> [Task objective]:
Leave the pictures in the listing below aside and reproduce exactly the lines starting with the one with "ELWIS ROYAL 1626511" and going on through the one with "BOSCH Greece china", both ends included.

Data for review section start

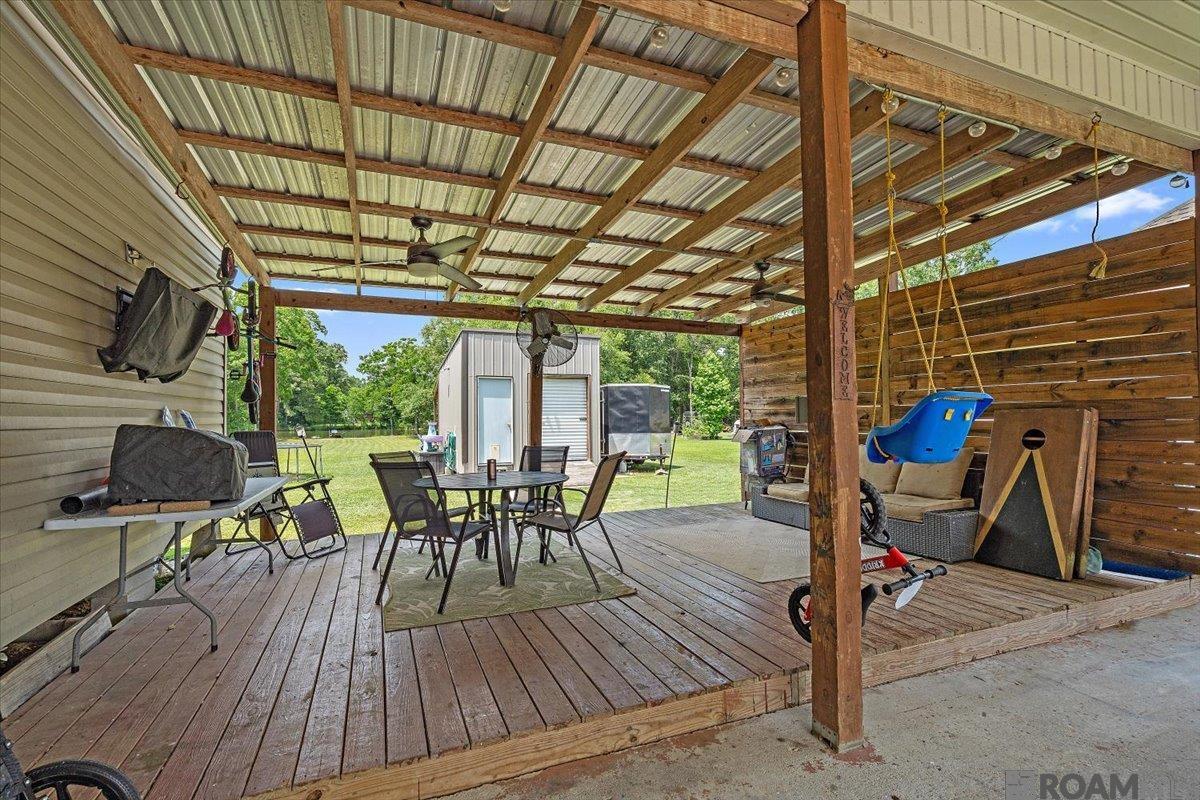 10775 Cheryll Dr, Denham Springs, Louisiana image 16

Data for review section end
Data for review section start

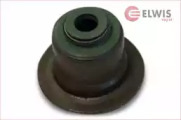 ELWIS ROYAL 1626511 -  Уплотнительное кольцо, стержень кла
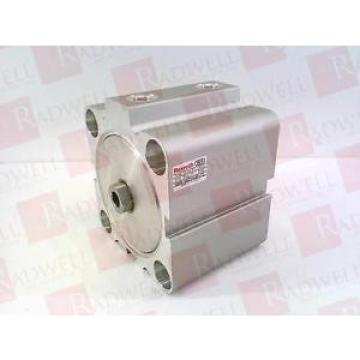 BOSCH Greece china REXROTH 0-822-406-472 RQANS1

Data for review section end

> [Solution]:
 ELWIS ROYAL 1626511 -  Уплотнительное кольцо, стержень кла
 BOSCH Greece china REXROTH 0-822-406-472 RQANS1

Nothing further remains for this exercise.